Randomness indicates unpredictability in outcomes,
governed by probability rather than deterministic rules. It
underpins stochastic processes and chance-based events in numerous
domains.
How would you explain it like I'm…
Can't Guess It
When you shake a dice cup, you can't tell what number will land up. But if you roll it a thousand times, you'll see each number show up about the same amount. That's what random means: you can't guess one roll, but lots of rolls follow a pattern.
Unpredictable but Patterned
Randomness means a single outcome is unpredictable, even though if you watch lots of outcomes they follow a regular pattern. A coin flip is random, but flip a coin a thousand times and you'll get close to half heads. Some randomness is built into nature (like radioactive decay), some comes from systems too complicated to predict (like weather), and some is faked by computers using clever formulas (pseudorandom numbers). Whether something counts as random depends on who is trying to predict it and with what tools.
Scheme-Relative Unpredictability
Randomness is the property of a process whose individual outcomes resist prediction within some defined scheme, yet whose long-run ensembles obey stable statistical regularities (like a fixed distribution). Both halves matter: individuals are unpredictable, but ensembles are constrained. Every randomness claim has to specify what is being predicted, against what reference scheme (no pattern recoverable by this class of methods), which statistical regularities hold, and where the unpredictability comes from. Sources include fundamental quantum indeterminism (aleatoric randomness), deterministic chaos viewed with limited information, high-dimensional complexity, and pseudorandom generators in computers. Without those four parts, calling something random doesn't really mean anything, because randomness is always relative to a scheme of prediction.

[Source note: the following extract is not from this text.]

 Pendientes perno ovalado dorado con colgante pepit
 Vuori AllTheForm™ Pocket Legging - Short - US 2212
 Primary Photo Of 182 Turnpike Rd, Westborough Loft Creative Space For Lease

Randomness is the property of a process or sequence whose individual outcomes resist prediction within a specified scheme (a defined class of predictive methods), yet whose ensembles obey lawful statistical regularities (a stable distribution, a stationarity property, an exchangeability condition). The essential commitment is to that dual fact: individuality is unpredictable, ensemble is constrained, and the apparent contradiction is resolved by the scheme-relativity of randomness claims, which always specify what counts as unpredictable and to whom. Every randomness claim names (1) the process generating outcomes, (2) the reference scheme against which unpredictability is asserted, (3) the statistical regularities that do hold, and (4) the source of unpredictability, which may be fundamental quantum indeterminism (aleatoric), deterministic chaos (in the Lorenz sense, read through limited information), high-dimensional complexity, or designed-in pseudorandom generation in the computability tradition. Without all four parts a randomness claim is undefined; with them, the spectrum from quantum measurement to a cryptographic PRNG to a clinical-trial assignment can be analyzed within one diagnostic vocabulary, and the source-quality match between application and generator becomes a checkable engineering question rather than a hand-waved assumption.
By acknowledging events as probabilistic, randomness
frameworks help quantify uncertainty and chance, rather than
attributing outcomes solely to hidden deterministic variables.
Monte Carlo simulations employ randomness to estimate
complex integrals or probabilities, sampling thousands of random
scenarios to approximate outcomes.
Randomness is not Randomization because Randomness is a property of a generating process whose outcomes resist prediction within a specified scheme yet whose ensembles obey lawful statistical regularities, whereas Randomization is a designed procedure for assigning experimental units to treatment conditions to ensure pre-treatment equivalence.
Randomness is not Probability because Randomness describes the unpredictability and ensemble-level constraint of individual outcomes from a process, whereas Probability is the formal calibration of uncertainty using sample spaces, measures, and conditioning rules to quantify degrees of belief.
Randomness is not Statistical Inference because Randomness is the property of the generating process itself (aleatoric, chaotic, or pseudorandom), whereas Statistical Inference uses probability models to reason from finite samples about populations and unobserved quantities.
Randomness is not Ensemble because Randomness describes the unpredictability of individual outcomes from a process, whereas Ensemble is a collection of realizations jointly analyzed to characterize the distribution of possible behaviors.